The search engine can help researchers search the internet for privacy documents
UNIVERSITY PARK, Pa. – A search engine that uses artificial intelligence (AI) to “read” millions of online documents can help privacy researchers find those related to online privacy. Researchers who have designed the search engine suggest that it may be an important tool for researchers trying to find ways to design a safer internet.
In one study, the researchers said the search engine, which they called PrivaSeer, uses a type of AI called natural language processing – NLP – to identify privacy documents online, such as privacy policies, terms of service agreements, cookie policies, privacy fees and laws, control guidelines and other relevant web texts.
Instead of trying to search privacy documents themselves, researchers can type their queries into the search engine to efficiently identify and collect the right documentation.

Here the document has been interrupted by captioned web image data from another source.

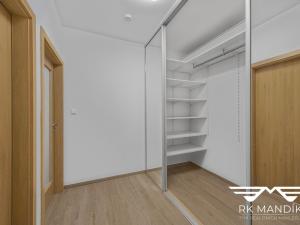 Pronájem bytu 2+kk, Praha - Prosek, Kytlická, 53 m2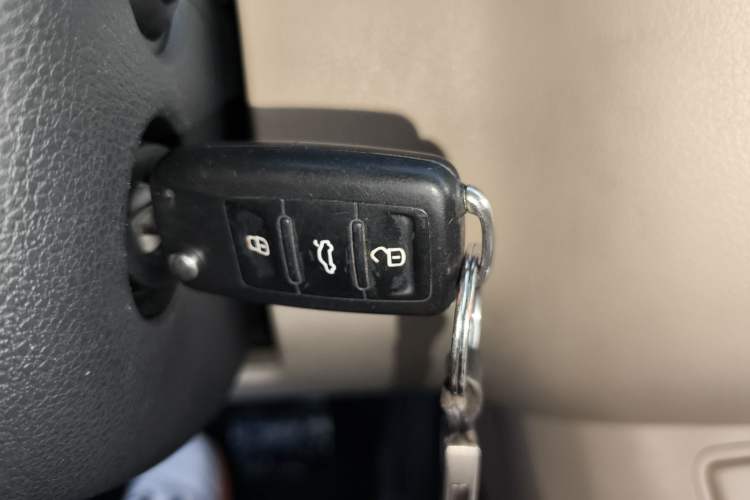 Used Volkswagen Tiguan 2013 1.8 TSI Automatic Two-Wheel Drive Comfort Edition Interior 1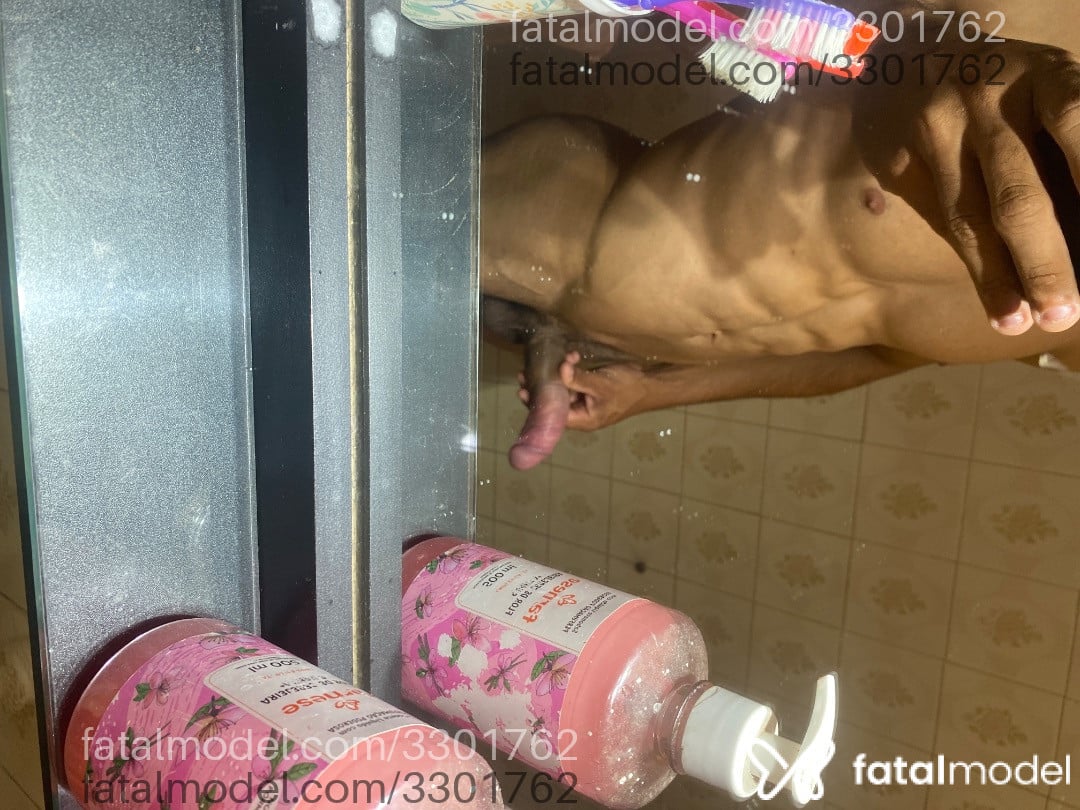 Acompanhante homem morena (o) de olhos castanhos - Gustavo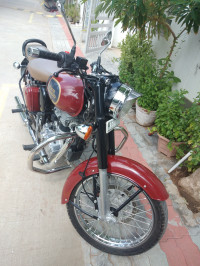 Royal Enfield Classic 350 Redditch Red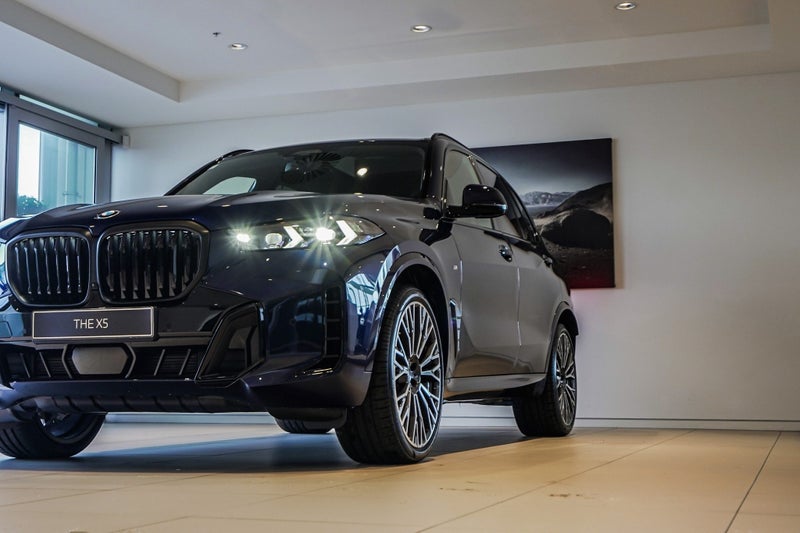 2026 BMW X5 xDrive30d image 5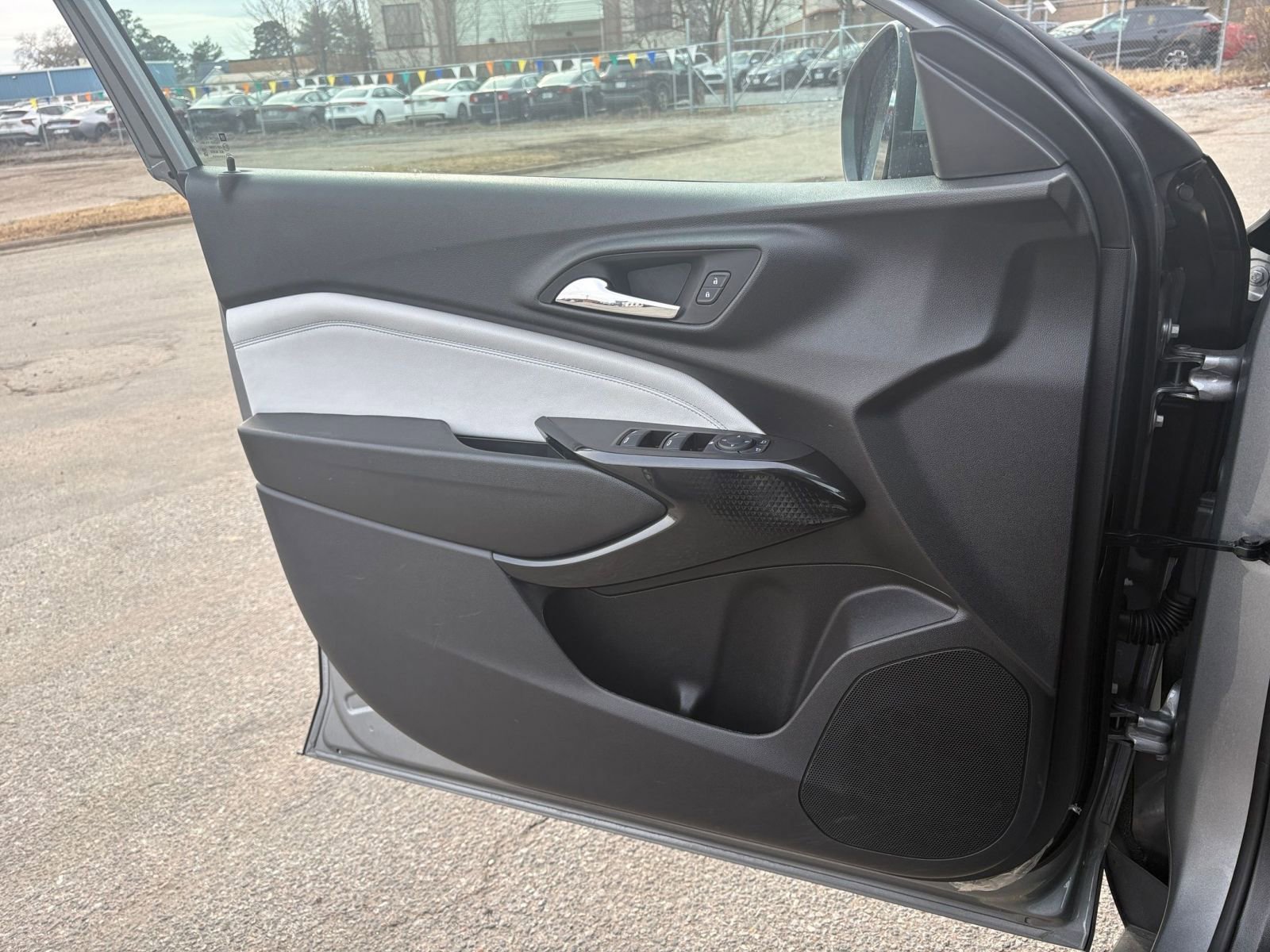 Used 2025 Chevrolet Trax LT w/ LT Convenience Package image 20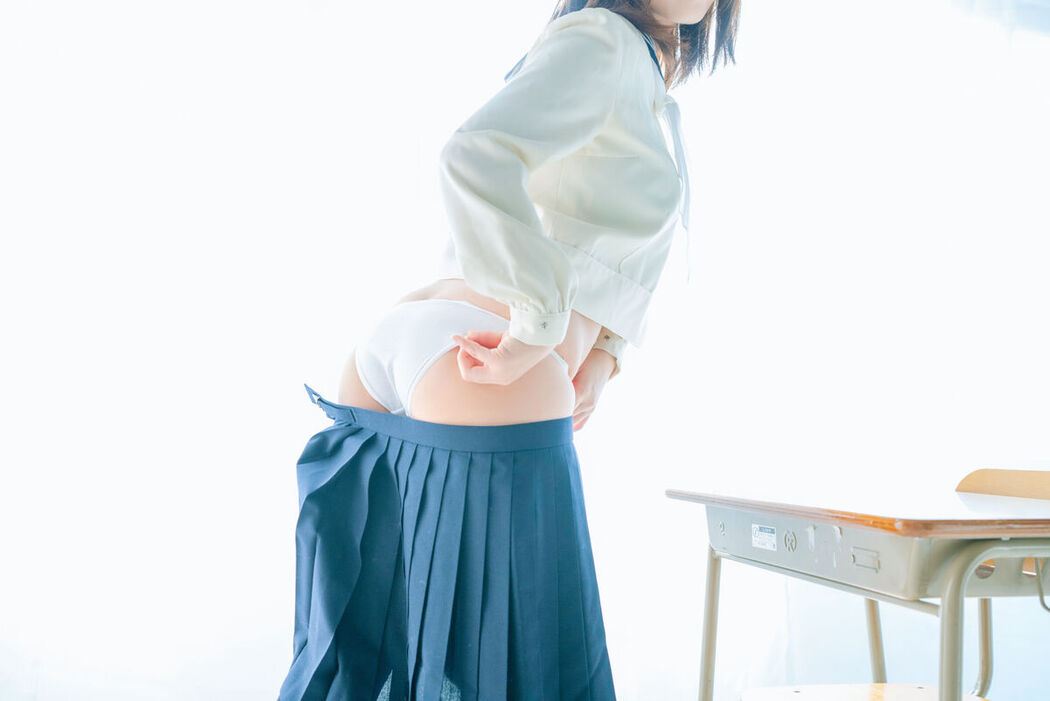 JP Moe Iori 伊織萌 – パンツともえ大好き星人を大至急いおりんのスカートにご招待ROM Part01 (61P)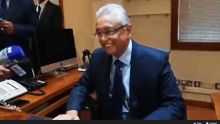 A quelques minutes de la présentation du Budget, Pravind Jugnauth se prête à une séance de photos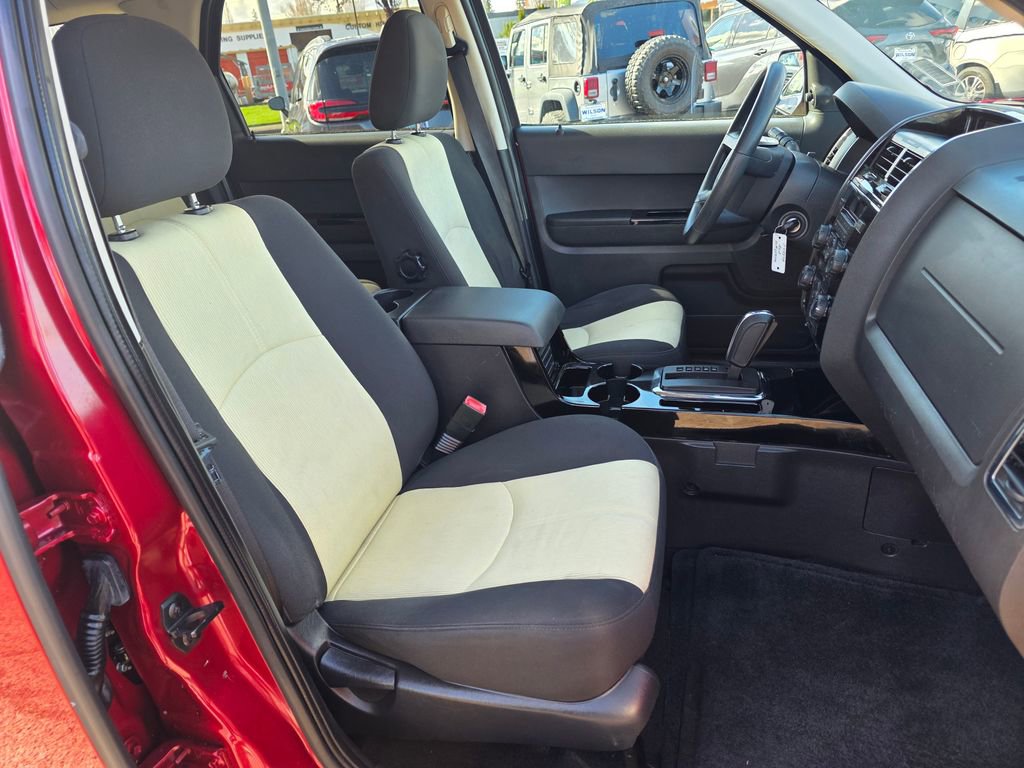 Used 2008 MAZDA Tribute i image 22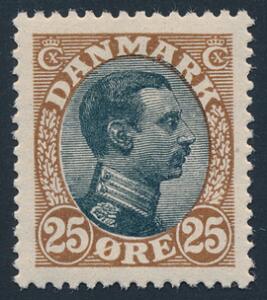 1918. Chr. X, 25 øre, brunsort. Helt perfekt postfrisk mærke. AFA 1200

However, ultimately, the search engine can help researchers better understand online privacy in general and examine online privacy trends over time, which could lead one day to an internet that the users can navigate more safely and securely, according to Shomir Wilson, assistant professor of information science and technology at Penn State and an Institute for Computational and Data Science affiliate.
“It can be a resource for researchers both in natural language processing and privacy, who are interested in this text domain,” Wilson said. “Because of the large volume of text like this, we can find ways to identify and automatically label certain data practices that people might be interested in, enabling development tools to help users to understand online privacy. ”
He added that finding and sorting privacy documentation without machine learning would be time consuming and difficult, if not impossible.
Deeper insight into information privacy is needed because this type of documentation is largely ignored by regular users, according to Wilson.
“Most websites show you information about their data practices and then you have to consent by actually going through and reading all of this information,” Wilson said. “But no one really does that because it is not practical and does not fit in with how people use the internet. People are also usually ignorant of the law. ”
The privacy policies were collected by the PrivaSeer search engine during two separate web crawls. A web crawl refers to the systematic browsing of the internet on a large scale, as performed by a software program. The first crawl took place in July 2019. The second crawl took place in February 2020.
The PrivaSeer database now consists of approximately 1.4 million English language website privacy policies.
“One thing that’s unique about our database is we have the single largest snapshot at the time of online privacy,” Wilson said.
Soundarya Nurani Sundareswara, a former information science and technology graduate student, currently a software engineer at Apple, and C. Lee Giles, David Reese Professor at the College of Information Science and Technology, both of Penn State, worked with Wilson and Srinath on the project
The team published their findings at the International Conference on Web Engineering.